Why Fertilizer Could Be the Real Inflation Story
This week’s Chart tells a familiar story: energy prices are surging. Heating oil up 107%. Brent crude up 56%. WTI crude up 44%. The boxes drawn around those numbers tell you what the market is focused on. But there may be a far more consequential story hiding just below the surface.
The closure of the Strait of Hormuz, now entering its fourth week following U.S.-Israeli strikes on Iran, isn’t just an oil shock. It’s a fertilizer shock. The agricultural reckoning that follows could potentially dwarf the energy price spike in both duration and breadth.
Nearly 50% of global urea exports originate from countries west of the Strait and transit through that critical waterway. Urea is the world’s most widely used solid fertilizer, the input that makes large-scale corn, wheat, and soybean production economically viable. Prices for urea have already surged more than 30% since the war began, and at least 21 ships carrying nearly a million metric tons of fertilizer cargo are physically stranded in the Gulf.

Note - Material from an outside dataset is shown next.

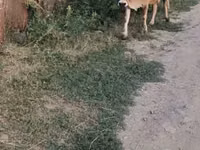 Krowa, Bydło — zdjęcie 2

The timing couldn’t be worse. This disruption falls in the middle of spring planting season, which generally runs from mid-February to early May in the Northern Hemisphere. Even if the Strait reopens soon, restarting production and transport for fertilizers could take weeks, weeks that Northern Hemisphere farmers simply do not have.
What does this mean for grocery bills? More than many realize. Higher fertilizer costs squeeze grain yields, and grain is the feedstock for virtually all livestock. Cattle, hog, and poultry producers are all downstream consumers of corn and soybeans. The Chart shows live cattle up 14% and lean hogs up 8.6% over the past year, and those figures predate the full fertilizer crunch working its way through the supply chain. Chicken, not shown in the chart, faces similar pressure.
Oxford Economics has already raised its Q2 2026 fertilizer price forecast by roughly 20%, with risks “skewed to the upside.” Energy costs represent approximately half the total retail food bill, meaning the inflationary impulse from this shock is broad-based and persistent, not a one-month blip in the CPI.
The energy commodities in the Chart are attention-grabbing. But I’m watching the agricultural commodities. The second-order effects of a fertilizer shortage are slower, stickier, and harder to reverse. I believe that’s the inflation story for the next 12-18 months, and I don’t think that it’s been fully priced in yet.